Now before you get excited at the prospect of eating lots of ice-cream, sadly this latest fad diet is the result of some extensive (and expensive) dental work and not a revolutionary new way to lose inches; daily desserts remain the enemy of the waistline.

While eating soft food is not the world’s greatest hardship – babies seem to exist OK – I have fallen off the wagon several times and even tried eating pizza which proved to be a crunch too far for the good side of my mouth.

So needing a break from scrambled eggs I decided to broaden my soft food remit and came up with basil, fennel and lemon risotto.

I am pleased to say this rich, creamy rice dish – to which the lemon juice adds a real zing – did not offend my mouth, although the ever tightening trousers might not say the same thing… it is with good reason that ‘soft foods’ do not feature regularly in conventional diet plans!

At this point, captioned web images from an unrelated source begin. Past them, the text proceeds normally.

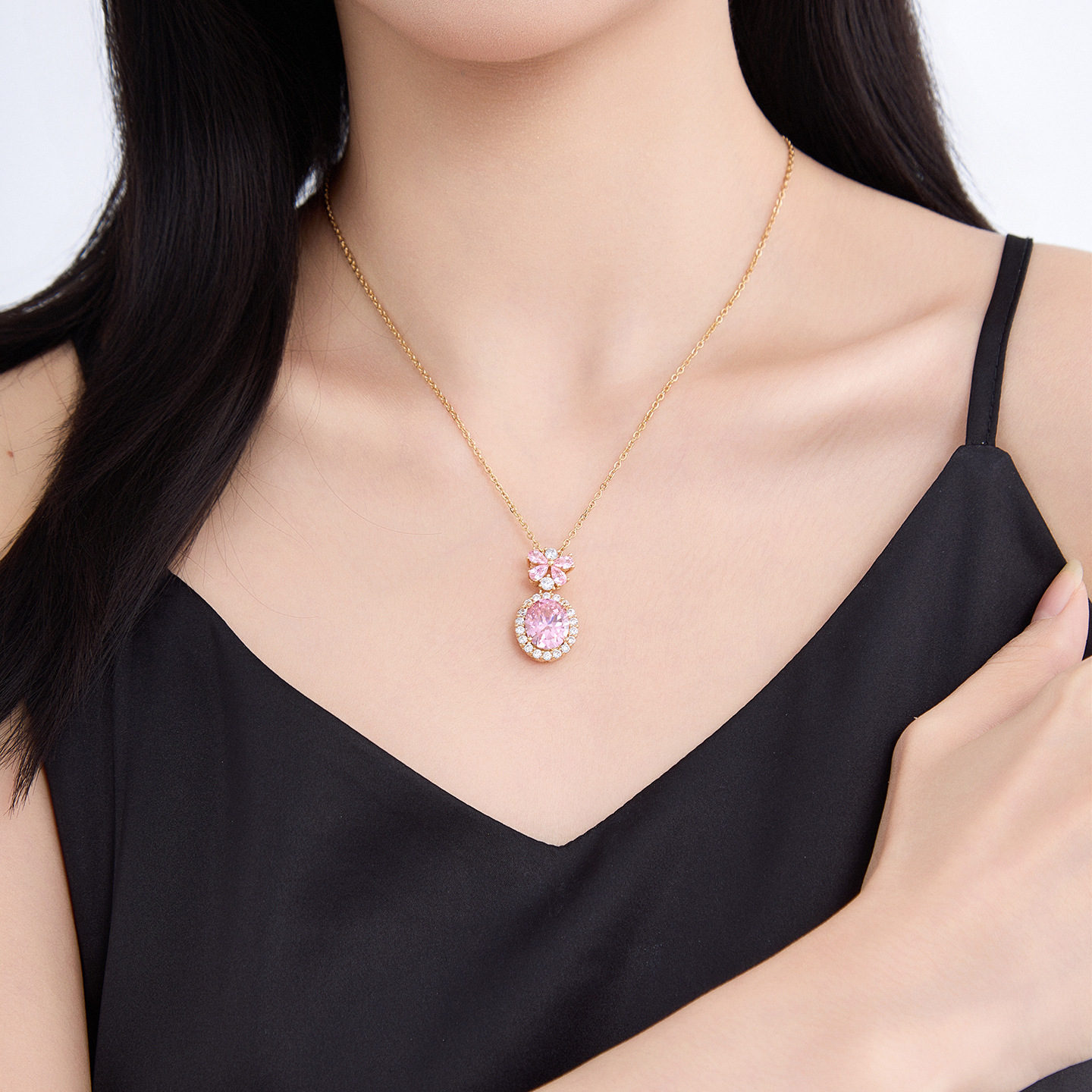 Xuping serie de collar de mariposa elíptica geométrica aleación de cobre chapado 18k color retro elegante ligero collar de lujo para mujeres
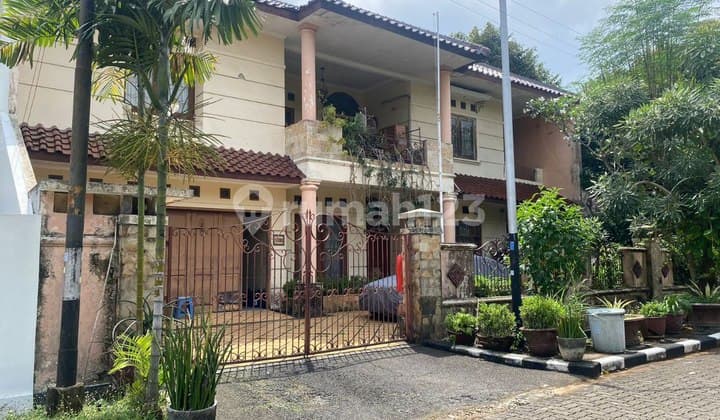 Rumah Mewah Hadap Taman Dalam Komplek Di Cinere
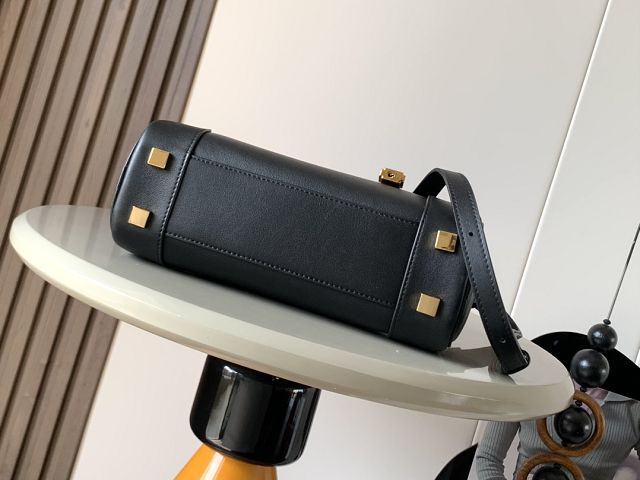 Loewe original calfskin amazona 23 cropped bag A039N23 black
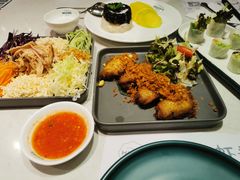 -美奈小馆·越南料理(中航城君尚购物中心店)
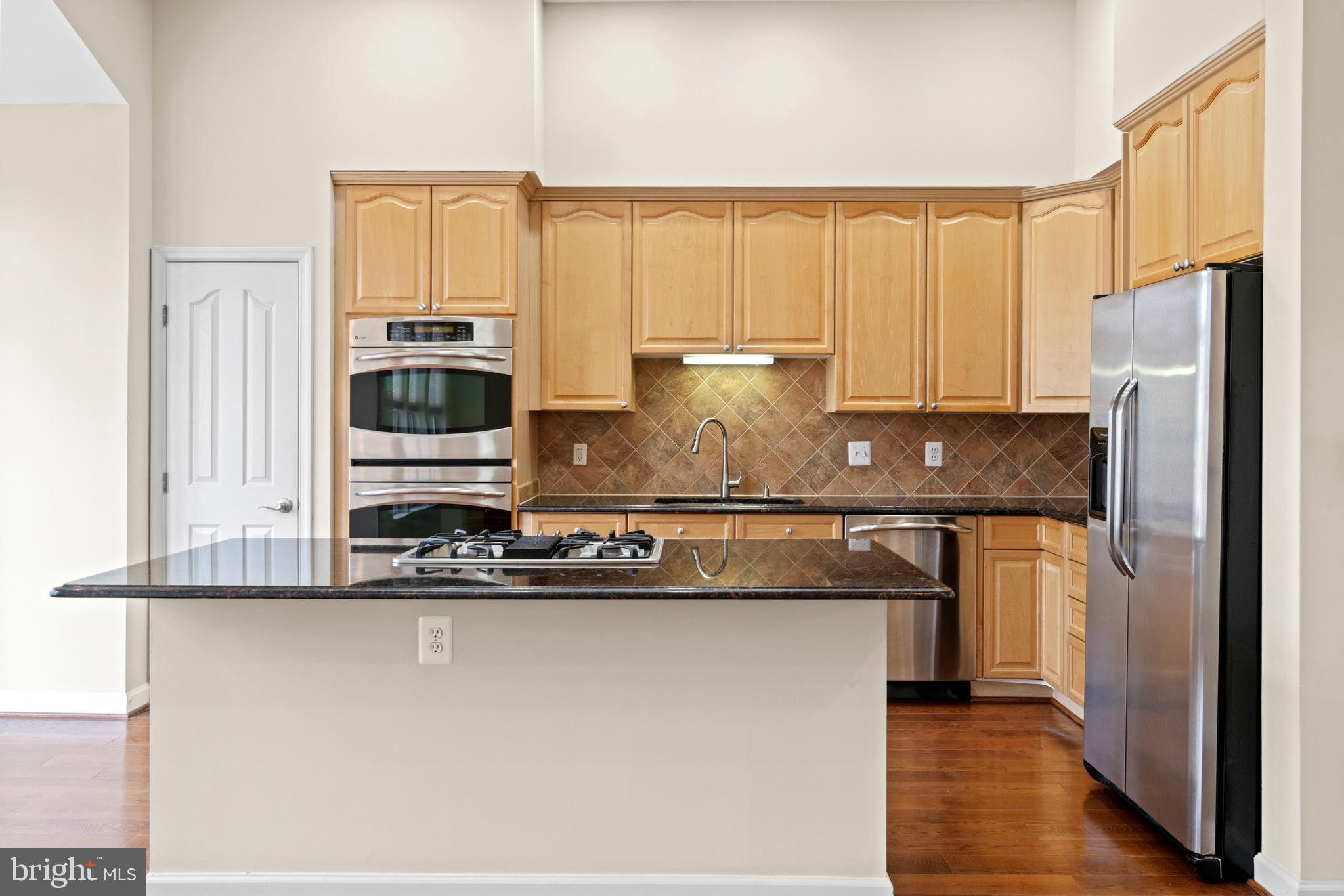 1913 Logan Manor Drive Reston, VA 20190 - Photo 6 of 37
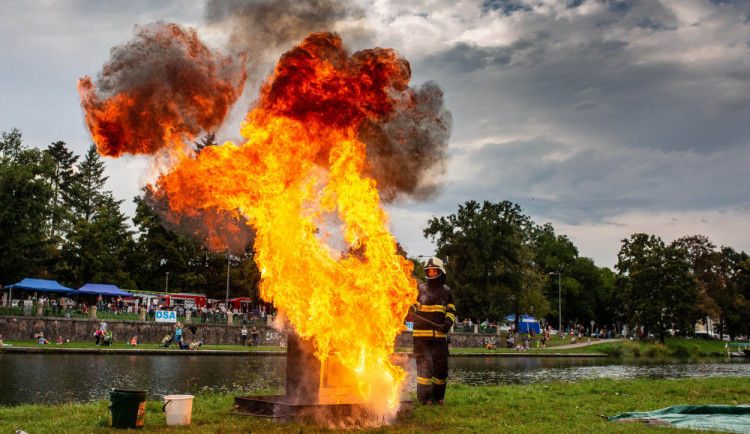 Hasiči na nábřeží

Basil, Fennel and Lemon Risotto

Basil, Fennel and Lemon Risotto


  • 400 grams Arborio rice
  • 1 litre of strong chicken stock
  • 1 cup of dry white wine
  • ½ onion (finely diced)
  • 20 grams butter
  • 10-15 crushed fennel seeds
  • 2 tablespoons of olive oil
  • 50 grams of fresh Parmesan cheese
  • 8-10 basil leaves (roughly chopped)
  • Zest and juice of one lemon
  • 1 teaspoon of freshly crushed black pepper
  • 1 teaspoon sea salt


  • Heat half of the butter and olive oil in a large saucepan with the fennel seeds, crushed black pepper and onion.
  • When the onion has softened, stir in the rice making sure it is well coated with the butter and oil.
  • Add the white wine and salt. Then let the rice simmer until it has absorbed almost all of the wine. Keep stirring to make sure it does not stick to the bottom of the saucepan.
  • Heat the chicken stock in a separate saucepan keeping it at simmering point – the next stage takes quite a bit of time and the stock should be hot.
  • Pour a ladleful of the stock into the rice and stir until it has all absorbed, then add another ladleful and stir… and another and stir…and keep adding until the rice has softened and become creamy. When you have used all of the stock add some boiling water if required to finish cooking the rice.
  • Now add the lemon zest, juice, basil and Parmesan and mix through. I used roughly 50 grams of Parmesan – personally I find the taste quite overpowering – so add more to suit your own tastes.
  • Remove the saucepan from the heat and add the remaining butter. Put the lid on the saucepan and let the butter melt through. Rest for a couple of minutes before serving.